Benefits of Online Education: Top 5 Myths
Most major colleges and universities have included online learning modules to their degree programs. There are comprehensive undergrad and graduate programs allowing students to work on their degrees entirely from remote locations. Some majors include online education as a component of a mixed campus-remote curriculum. With acknowledged online academic excellence and employer acceptance of online degrees, it's startling to see that there are still many misconceptions about online learning.
Let's dispel the top five here:
1. Online degrees are worth less than campus degrees. Ancient history. Today's employers look at the quality of your training, the college you attended, and your job-specific skills. (A diploma does not indicate that you did your work online.) In fact, employers often pay tuition to encourage their valued employees to update their credentials through online degrees and/or certification programs.
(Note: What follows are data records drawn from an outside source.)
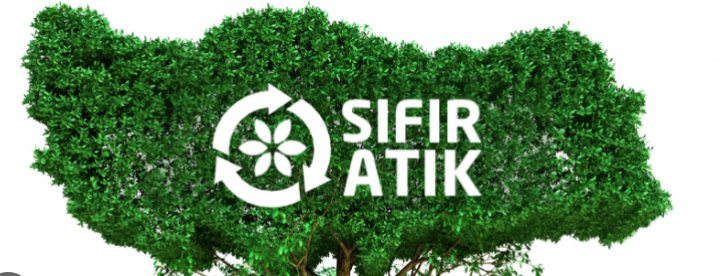 Sıfır Atık Yönetmeliği ve Belge Alma Süreci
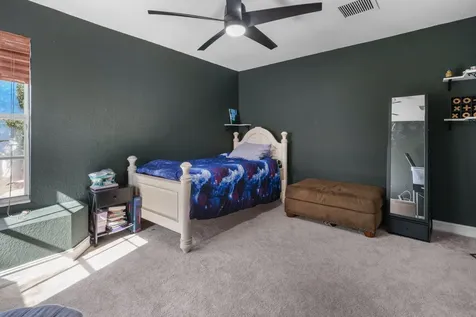 11394 Millpond Greens Drive Boynton Beach FL 33473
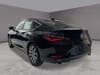 3 thumbnail image of  2026 Acura Integra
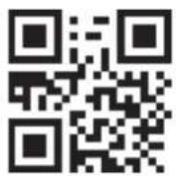 WHIRLPOOL WBUF011 - INFORMACIÓN GENERAL - 1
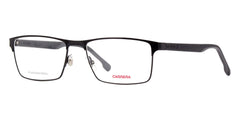 Carrera 8863 807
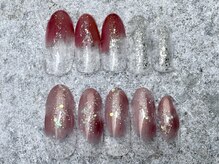 ラックス 神戸元町(LAX)/定額クリアニュアンス4100円～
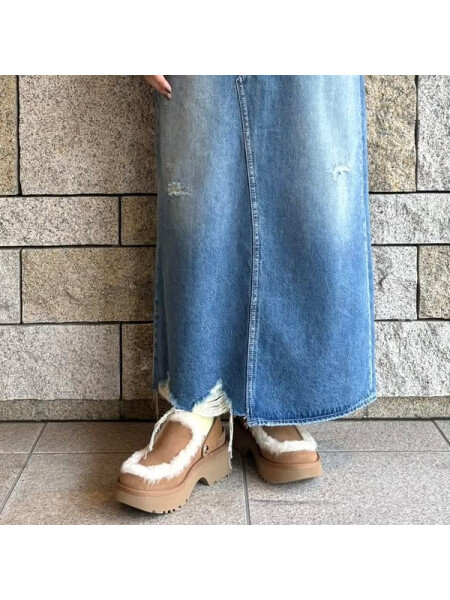 👢UGGブーツ👢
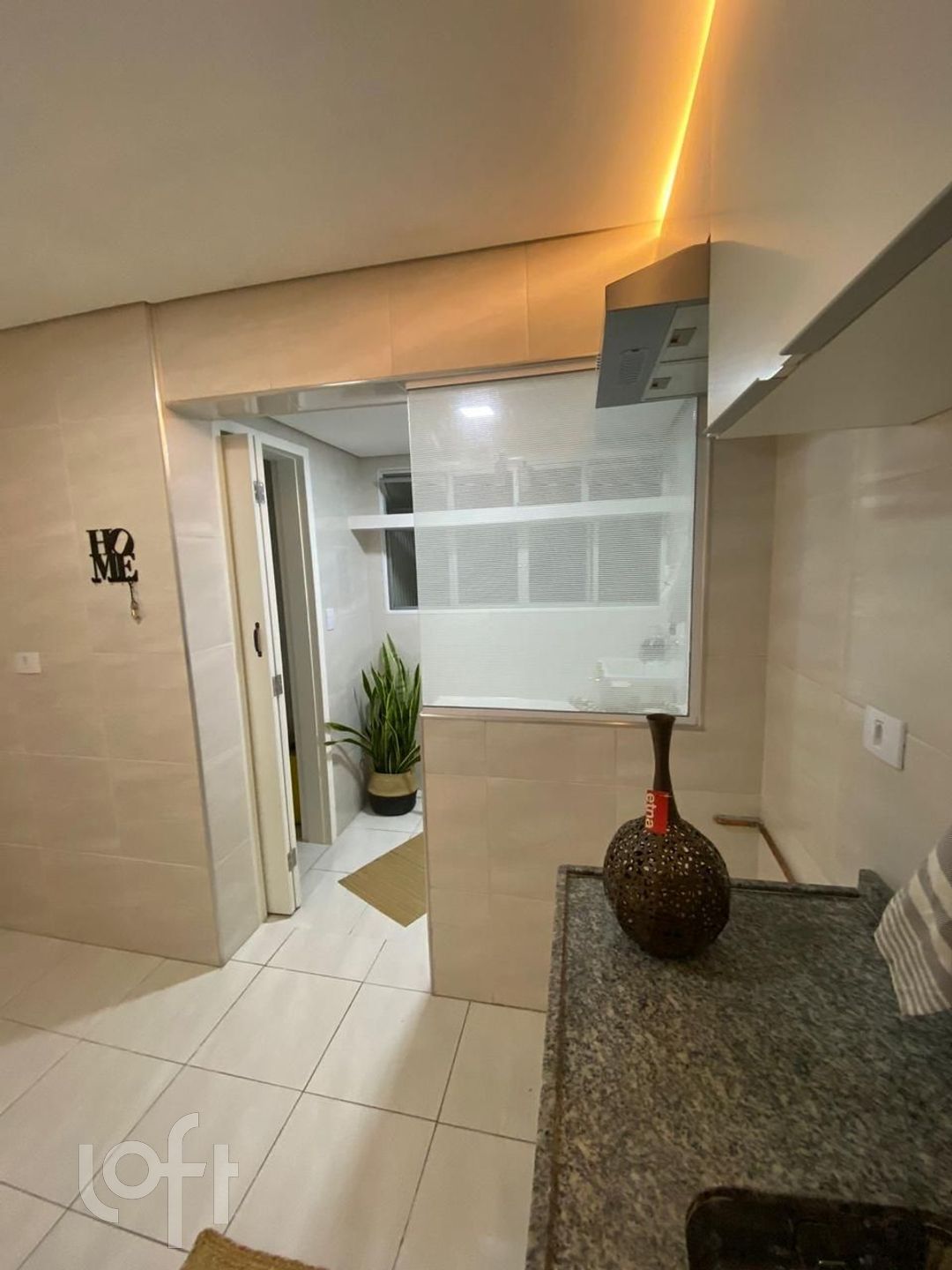 Apartamento à venda com 2 quartos, 64m² - Foto 12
2. There's no social interaction via an online education. Not so. Almost every online course requires emails, bulletin board participation, or chat-room collaboration among students and with faculty. Online participants build networks of student relationships that bolster life-long professional contacts as well as long-term friendships.
3. Professors won't know who you are. Oh, they certainly will. There's no jousting for limited, hour-long lecture time in an online class. No raising of hands to speak. All students are measured by the quality of their writing, their collaborative research, and their online test scores.
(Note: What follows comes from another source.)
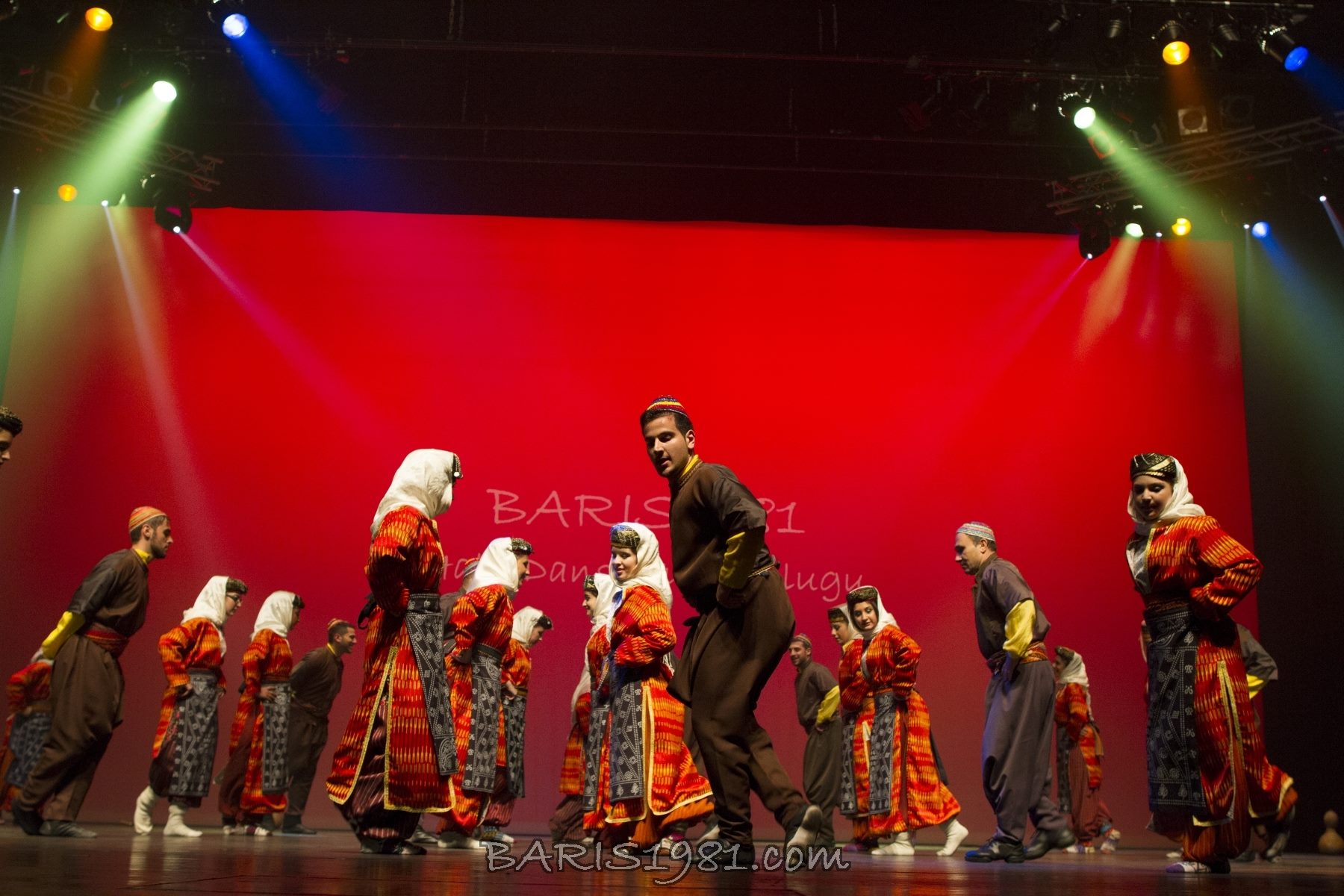 1492182 10152038421217969 1618289564 o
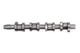 Распредвал AE CAM968 Volkswagen Caddy, Golf 038109101AE - изображение 1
4. Students are isolated--stuck without resources. Hardly. Online students have outstanding, 24-hour access to online libraries, lecture notes, streamed video lectures, and contact with mentors, tutors, and instructional aides. And you won't need to be a tech freak to use the system. Colleges create easy-to-use interfaces that enable all students (including those with disabilities) to access enrollment, financial aid, online classes, labs, and email.
5. Online classes are cream puffs. Avoid that trap. Online courses are as complex and rigorous as campus-based classes. In fact, you'll need to maintain a regular schedule in attending online lectures and delivering papers or you'll fall dismally behind. Online students have to be committed to learning.